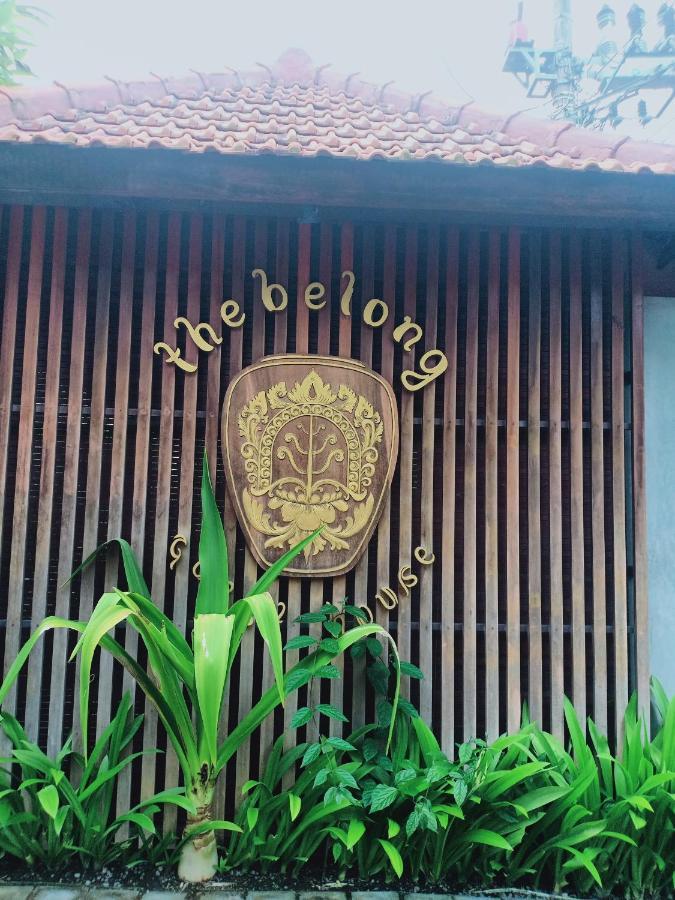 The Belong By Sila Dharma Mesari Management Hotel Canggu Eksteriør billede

* * *

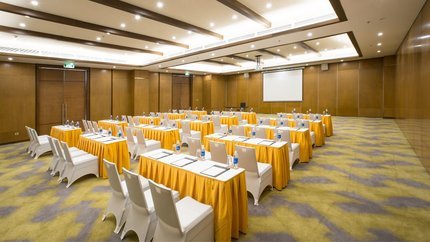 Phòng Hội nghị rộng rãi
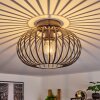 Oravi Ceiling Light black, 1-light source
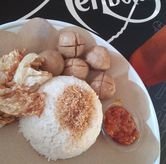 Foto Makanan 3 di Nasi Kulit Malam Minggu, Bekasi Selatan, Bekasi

--

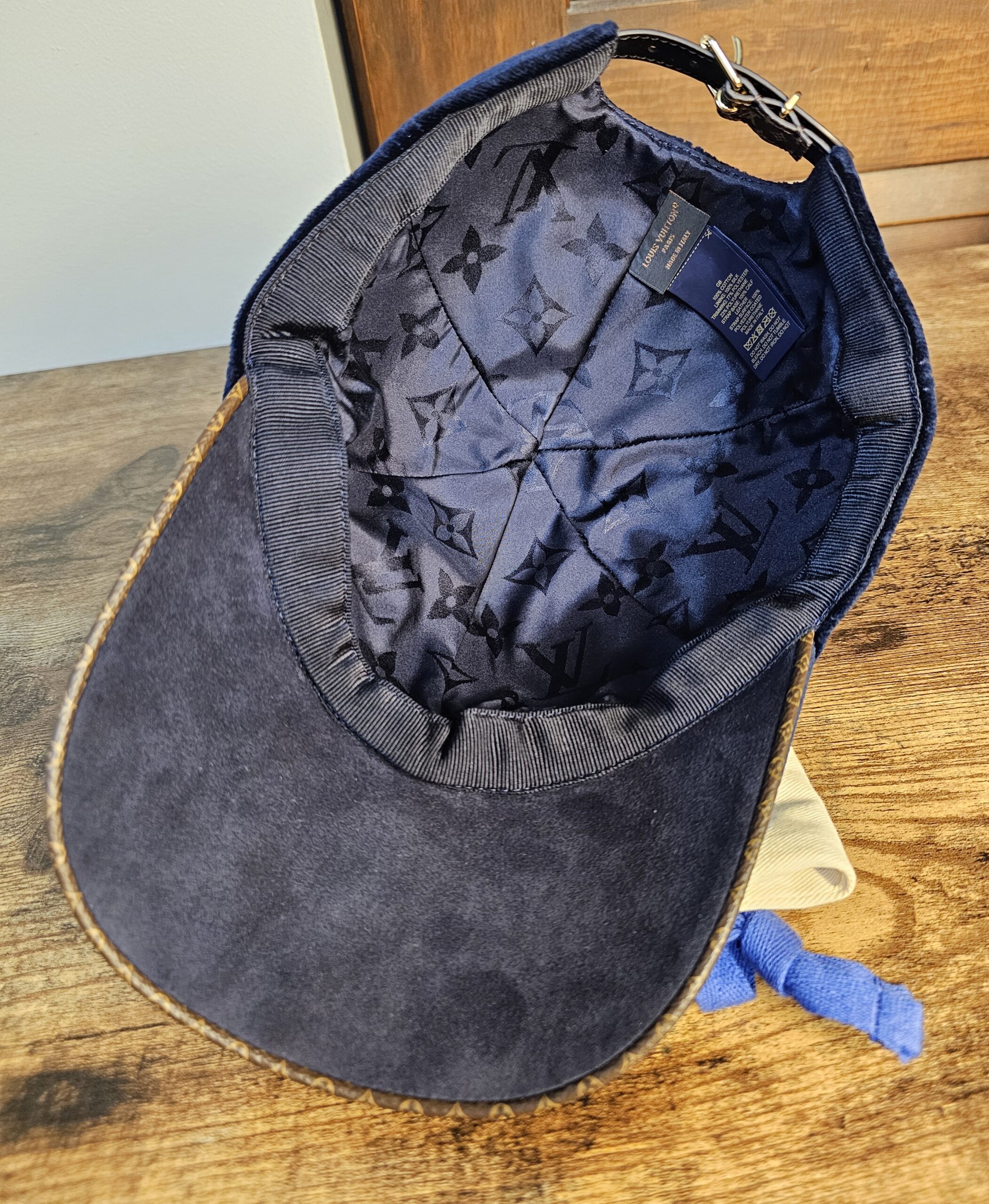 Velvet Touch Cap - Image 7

• [What the exercise asks]:
Start at the line containing "Oravi Ceiling Light black, 1-light source" above and stop at the line containing "Foto Makanan 3". Output those lines exactly, both included, but none of the pictures.

• [Exercise result]:
 Oravi Ceiling Light black, 1-light source
 Foto Makanan 3 di Nasi Kulit Malam Minggu, Bekasi Selatan, Bekasi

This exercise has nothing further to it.